Personally, I think there would be enough wide bodied 747's, 767's and 777's (which were just entering service) and equivalent Airbus types (I'm not sure if US carriers are big users of Airbus' wide bodies?) available to meet Government needs (and probably still leave the airlines with enough to maintain remaining international services), so there would be no need to go as far as requisitioning 737's (or even 757's).

Schone23666
11-08-2012, 04:49 PM
Just posting my two cents in regards to gasoline hoarding and rationing.

Having witnessed it myself, I think we can pretty well agree that gasoline, or any sort of fuel hoarding would be rampant once word reaches of a pending apocalypse. In the case of T2K, it was a rather popular idea during the Cold War that once the U.S. and U.S.S.R. literally began locking horns in Europe and elsewhere, the situation would quickly deteriorate and go nuclear. Lines at gas stations would increase drastically with panic buying and the stations would get jammed, fights would break out (with some likely turning bloody) and police and perhaps even National Guard in a few cases would take control of the gas stations, with forced rationing put into effect. There may be more cases of looters attempting to siphon gas from any sort of parked vehicles including construction equipment to fill their own spare tanks as well.

This would also just as well apply to any other basic necessities. Food and drinking water would get hoarded as any sort of grocery or supermarket gets their shelves cleaned by panic buyers and/or opportunists and looters. I'd also expect runs on other things such as batteries, candles, portable radios, hygienic supplies, etc. Oh yes, the gun stores will be making a killing too, assuming they don't get robbed or looted as well.

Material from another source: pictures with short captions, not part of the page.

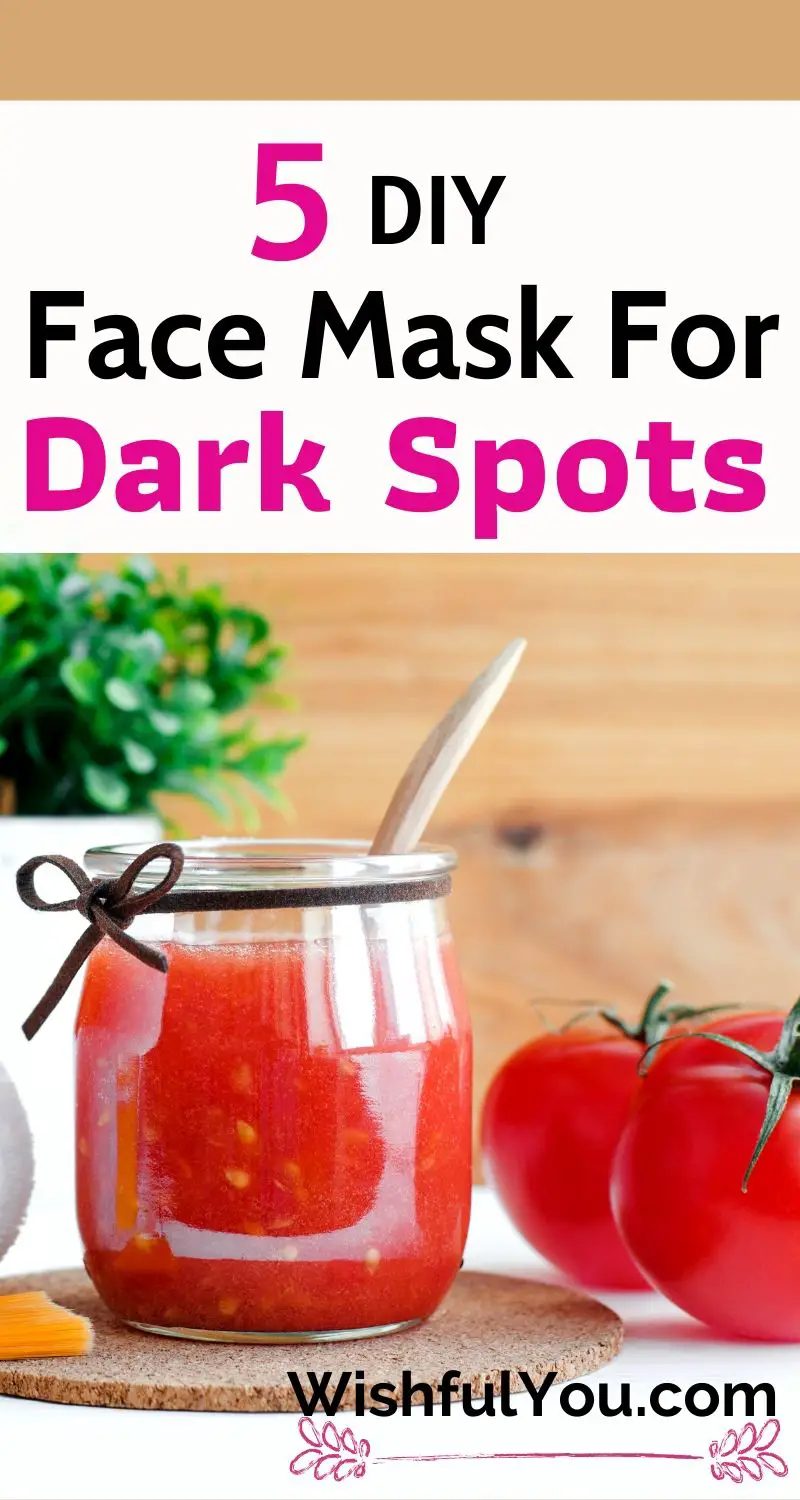 Face Mask To Get Rid Of Dark Spot On Face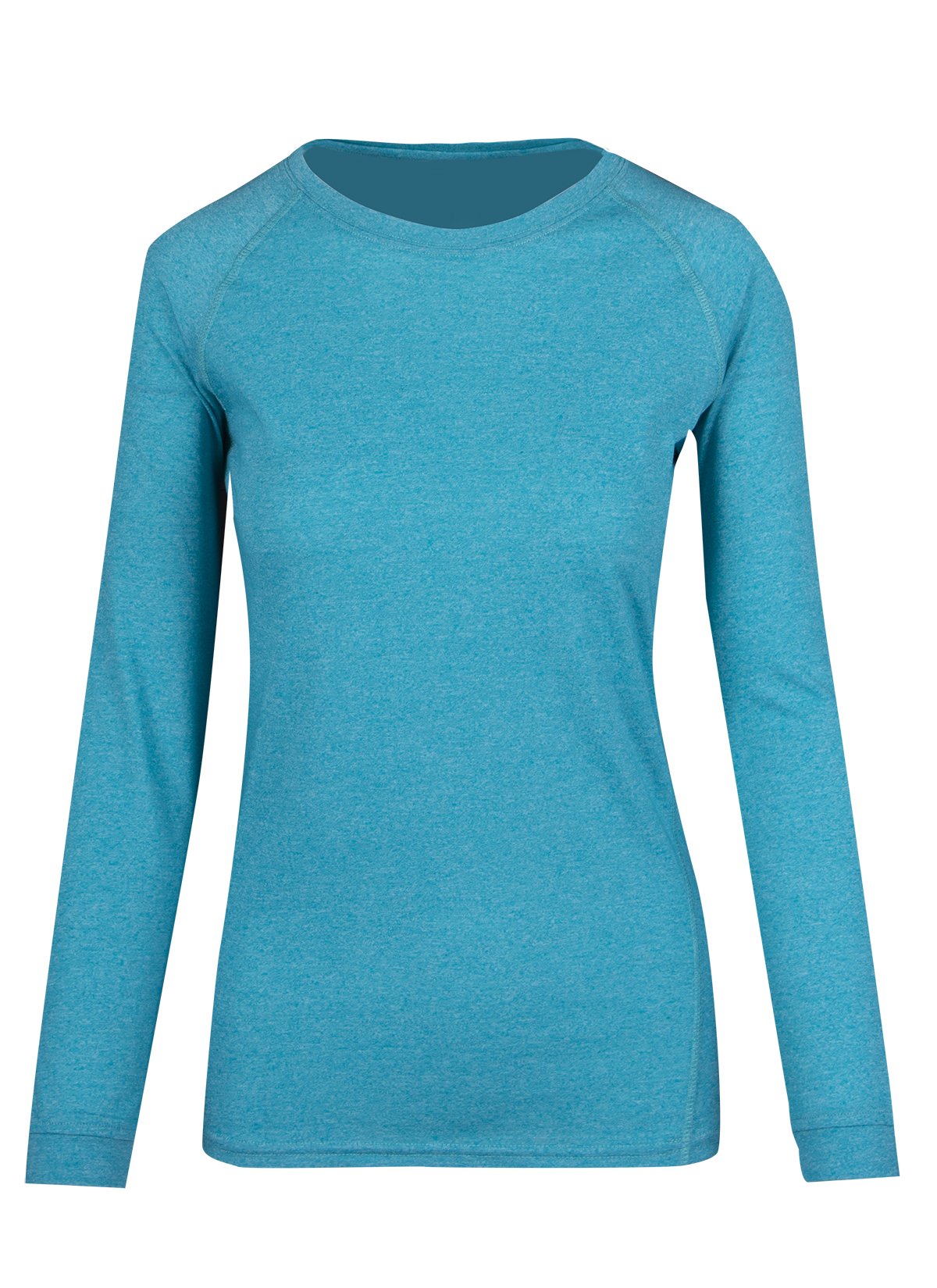 T223LD-Ladies Greatness Heather Long Sleeve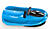 Steerable sledge Stratos electric blue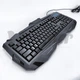 Игровой комплект клавиатура+мышь V-100 с подсветкой геймерская клавиатура и мышь без молний - изображение 3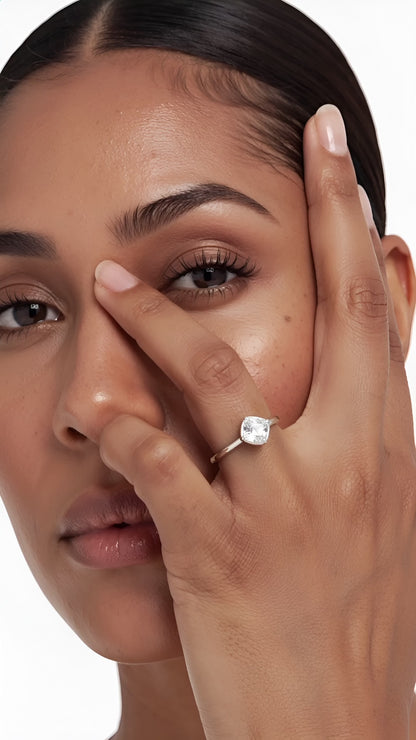 Astronomical Elegance Ring
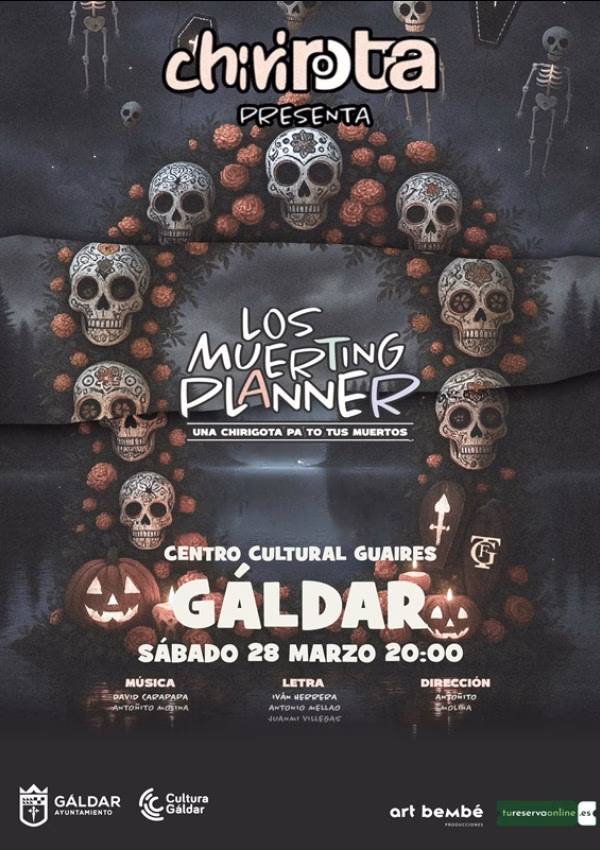 Humor — «Chirigota de Rota - Los Muerting Planner»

After that...well, once things go completely south and the nukes fly? Anyone who's got a decent cache of supplies will, sadly, have to realize there's plenty others out there who would rather take those supplies for themselves, one way or another...

Legbreaker
11-08-2012, 11:18 PM
I think we can point to natural events such as Sandy to see a small sample of what would happen. In T2K with the tension continuing for months (not just the days prior to a big storm) the situation could probably be MUCH worse. Logistics networks may even break under the strain, especially when the desperate mobs start hijacking the trucks before they even reach the warehouses.

Schone23666
11-08-2012, 11:58 PM
I think we can point to natural events such as Sandy to see a small sample of what would happen. In T2K with the tension continuing for months (not just the days prior to a big storm) the situation could probably be MUCH worse. Logistics networks may even break under the strain, especially when the desperate mobs start hijacking the trucks before they even reach the warehouses.

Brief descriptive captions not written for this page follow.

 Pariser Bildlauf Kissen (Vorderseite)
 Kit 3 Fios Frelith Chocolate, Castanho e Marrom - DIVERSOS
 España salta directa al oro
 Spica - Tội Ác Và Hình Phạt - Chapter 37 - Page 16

Without getting into details, it was getting ugly up here in northern New Jersey and New York for the week after Sandy hit. So, as you said, with a looming nuclear apocalypse, rumors flying rampant and tensions building to an unbearable level, matters would be getting ugly on the home front, and all that would be playing out BEFORE the strikes.

Though admittedly, this is being seen mostly from a POV of what might/would have occurred on the American home front, I'd be curious as to how bad, if not worse it would be playing out on the other home fronts such as Australia, the U.K., France, etc.